Daha önce Gaziemir’de faaliyet gösteren ve on binlerce İzmirlinin yaşadığı AVM’ler ile şehirlerarası yolun yakınlarında bulunan Arslan Avcı adlı eski kurşun fabrikası bahçesinde radyoaktif atıklar olduğu geçtiğimiz yıllarda ortaya çıkarılmıştı.

DEVLET ÖDEME YAPMAMIŞ

Valilik, önce bu radyoaktif maddelerin taşınarak bertaraf edilmesi için “Çevresel Etki Değerlendirmesi (ÇED) Gerekli Değildir” kararı verirken; Ege Çevre ve Kültür Platformu, (EGEÇEP)  mahalleli ve bazı kurumların itirazları sonrası bu karar mahkeme tarafından bozulmuş ve “ÇED Gereklidir” karar çıkmıştı. Bu kararın ardından Turanlar isimli firma tarafından ihale ile alınan atıkların bertarafı işi için Türkiye Atom Enerjisi Kurumu (TAEK) mühendislerinin danışmanlığında bir ÇED Raporu hazırlanmıştı.

Bölgedeki radyoaktif malzemenin taşınması ve bertarafı işini üstlenen Turanlar firmasının, devletten alması gereken iddialara göre; 10 milyon liralık ödeneği alamaması üzerine sahayı terk edip gitti. Daha önce Köprübaşı Kasar Köyü ve Söke Kisir Köyü'ndeki uranyum sahalarında radyasyon ölçümü yapan Küçükgül, önceki gün tesislerde ölçümler yaptı.

‘219 KAT FAZLA RADYASYON’

Ölçümlerin ardından bilgi veren Küçükgül, girişinde “Kurşun Monoksit Binası” yazan, yarısı yıkılmış boş bir binada limitlerin 219 kat üzerinde radyasyon ölçtüğünü belirtti.
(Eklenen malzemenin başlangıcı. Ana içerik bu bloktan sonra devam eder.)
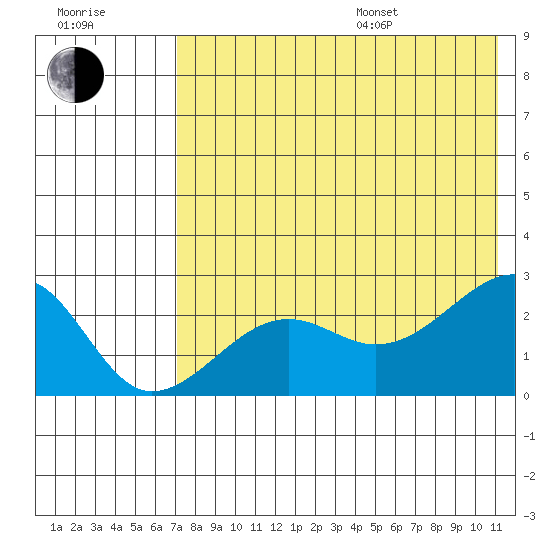 Akun Island tide chart for Saturday, July 27, 2024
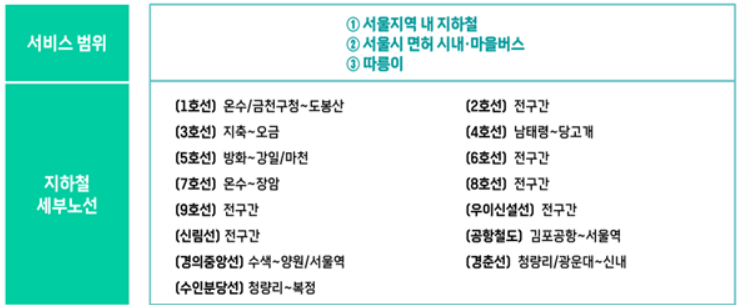 무제한 교통카드 범위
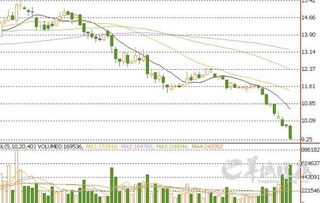 请详细分析一下三一重工股票的<a href=https://www.gupiaozhishiba.com/jszb/K/ target=_blank class=infotextkey>K线图</a>，并给出未来的行情预测，越详细越好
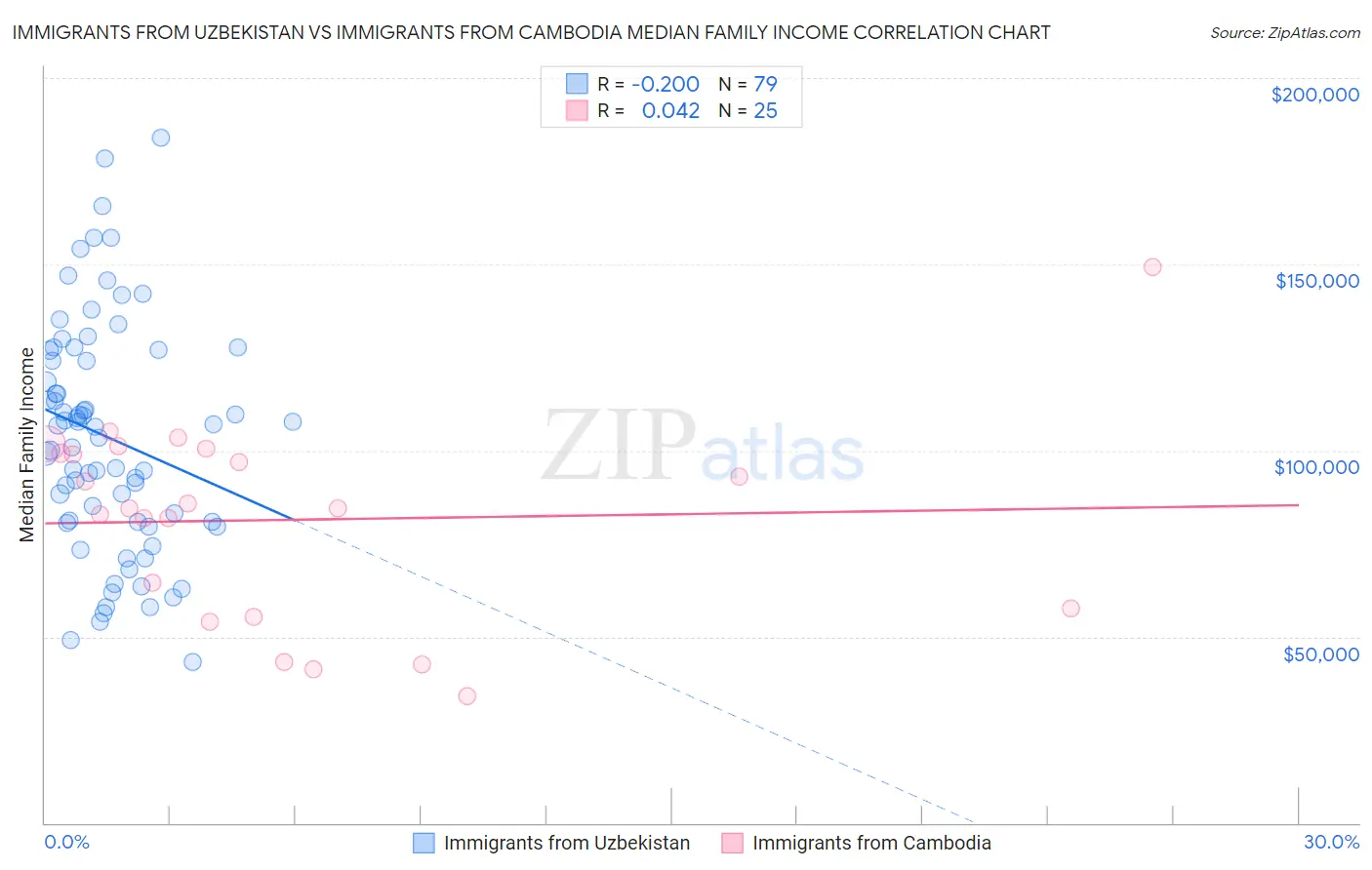 Immigrants from Uzbekistan vs Immigrants from Cambodia Median Family Income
Binanın şu an boş olduğunu belirten Küçükgül, “Orada çok yüksek radyoaktif malzeme konmuş ki tüm malzeme duvarlar, her taraf aşırı yüksek radyoaktif hale gelmiş. Bazı kutuların üzerindeki uranyum kodları falan herşey yazıyordu.” dedi.  Küçükgül ayrıca, radyoaktif madde ile çalışırken sistemin tamamen kapalı ve herşeyin uzaktan kumandalı sistemlerle yapılması gerektiğini söyledi.

‘BU BİR CİNAYETTİR’

Yaşanan durumun, dünyanın hiçbir yerinde kabul görmeyecek bir durum olduğunu söyleyen Küçükgül, ” Bu çağda şehrin göbeğinde bu işi yaptıran bir devlet, buna izin veren yönetimler cinayet işliyorlar. Şehrin göbeğinde bu kadar yüksek radyasyonu ilk defa ölçtüm. Bu bir cinayettir” diye konuştu.

Sabahtan öğleye kadar tesisleri gezip, ölçümler yaptıklarını ancak bu süre boyunca hiç kimseyi görmediklerini ifade eden Küçükgül, ” Kokudan daha fazla nefes alamadım. Bir an evvel çıkmaya çalıştık. Tam çıkarken tel örgüyü geçerken birisine yakalandık. Öğleden sonra bir tane adam geldi ‘Niye girdiniz, burası yasak.’ dedi. Bekçiden çok, oradan malzeme alan birisine benziyordu. Halbuki yasak falan diye bir şey yoktu. Her taraf serbest geçişe açık, bütün malzemeler ortadaydı. Salihli Köprübaşı’nda 140 katını ölçmüştük. Üç tane soru önergesi verilmişti. Bu 219 kat nedir?” diye sorarken, tesislerdeki yığınların altında binlerce ton radyoaktif madde olduğunu söyledi. Küçükgül, “Mahalleli o bölgeden sabahları hep duman çıktığını söylüyor. Gittik oraya koku dayanılmaz. Yarım gün kaldık, göğsüm ağrıdı.” dedi.